--- Stored data Enclosed Below ---

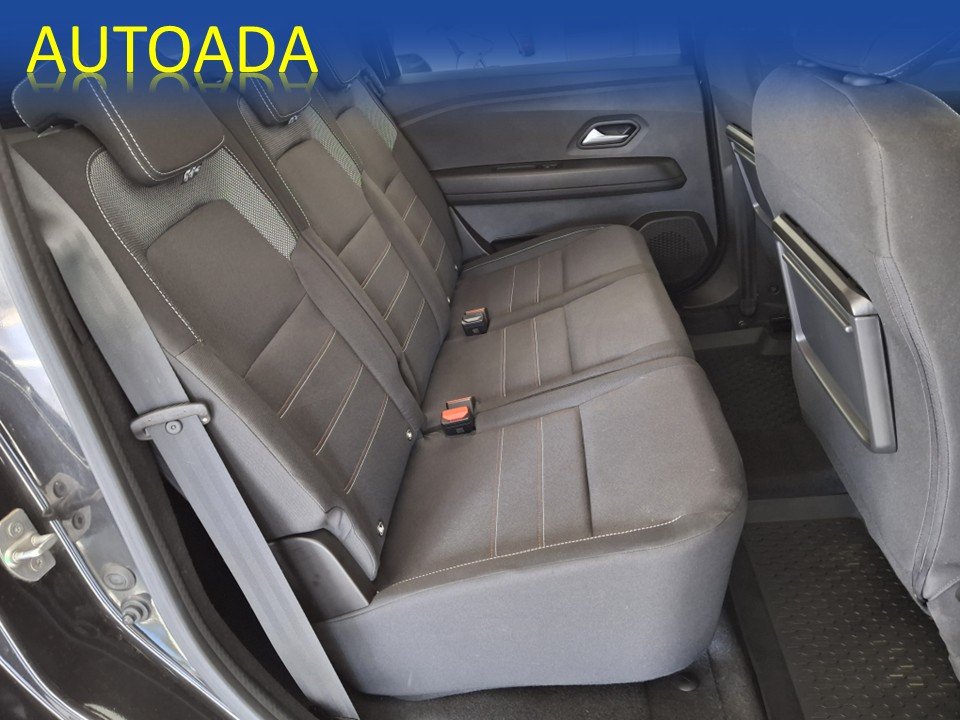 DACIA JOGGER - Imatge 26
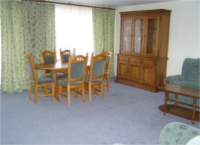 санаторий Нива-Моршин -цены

--- End of Enclosed Stored data ---
--- Stored data Enclosed Below ---

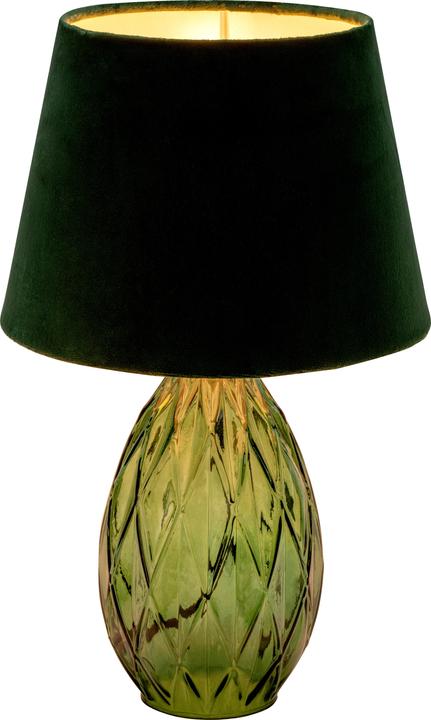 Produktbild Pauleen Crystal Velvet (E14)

--- End of Enclosed Stored data ---

Task | Print an exact copy of the lines above, from the one containing "DACIA JOGGER - Imatge 26" through the one containing "санаторий Нива-Моршин -цены", and leave out the pictures.

Solved exercise |
 DACIA JOGGER - Imatge 26
 санаторий Нива-Моршин -цены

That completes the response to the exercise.